Sebelum masuk kelas, Sheldan harus mengurus kebutuhan dasar keluarga. “Setiap pagi saya mengambil air dan antre untuk roti,” katanya. Keluarganya telah mengungsi “10 kali” dan “tidak lagi memiliki rumah.”

Kepala sekolah, Iman al-Hinawi (50), berharap pihaknya bisa segera menyediakan buku dan perlengkapan secara gratis. Namun ia menekankan bahwa perang telah memaksa anak-anak Gaza melakukan “pekerjaan berat” untuk membantu keluarga, terutama jika pencari nafkah tewas.

“Mereka mengumpulkan kayu bakar, mengambil air, dan mengantre makanan,” katanya, menggambarkan kondisi di wilayah yang sebelumnya dinyatakan mengalami kelaparan oleh PBB.

AFP melaporkan suasana yang diwarnai jeritan dan tangis anak-anak yang membawa ember plastik atau panci penyok saat berebut bantuan makanan di tengah kerumunan besar.

Untuk membantu memulihkan kondisi psikologis, sekolah menerapkan metode belajar melalui permainan. Anak-anak perempuan menari sambil menyelesaikan soal matematika, sementara murid lain bermain peran untuk menghafal puisi.

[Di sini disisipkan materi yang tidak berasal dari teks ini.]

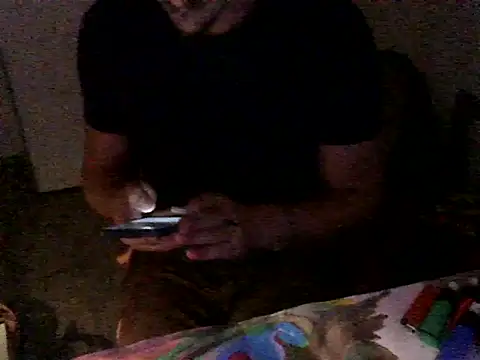 Snapshot of prcalek19 chatting on 10-18-25, 04:09 prcalek19 online show from 10-18-25, 04:09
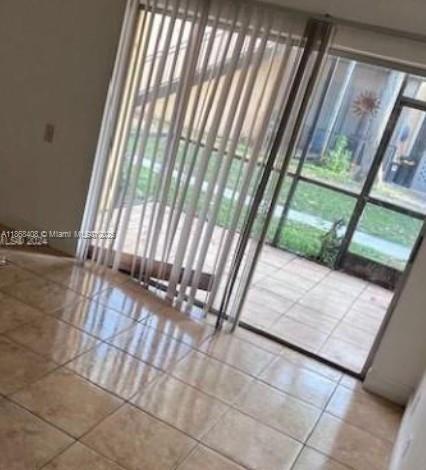 4435 Treehouse Ln #27-C, Tamarac, 佛罗里达州 33319, 美国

Namun Faisal al-Qasas, pengelola sekolah, mengatakan banyak siswa tetap gelisah karena harus memikirkan antrean roti dan air di rumah.

Sekolah yang menjalankan dua shift untuk 900 murid itu mengandalkan “kegiatan ekstrakurikuler untuk membantu kesehatan mental siswa” agar mereka bisa kembali fokus belajar.

Momen Kritis

Menurut penilaian PBB, 97% sekolah di Gaza mengalami kerusakan, sebagian akibat “serangan langsung,” dan sebagian besar membutuhkan pembangunan ulang atau rehabilitasi besar-besaran.

Serangan Israel telah menewaskan banyak warga Palestina yang berlindung di sekolah. Israel menuding Hamas bersembunyi di fasilitas semacam itu.

Dengan sekolah-sekolah yang juga berfungsi sebagai tempat pengungsian, UNRWA mulai membuka “ruang belajar sementara.” Bulan lalu, Kepala UNRWA Philippe Lazzarini mengatakan lebih dari 25.000 anak mengikuti kelas darurat tersebut, dan sekitar 300.000 lainnya akan mengikuti belajar daring.
Namun angka itu masih jauh dari estimasi kementerian pendidikan Gaza yang mencatat lebih dari 758.000 pelajar di wilayah tersebut.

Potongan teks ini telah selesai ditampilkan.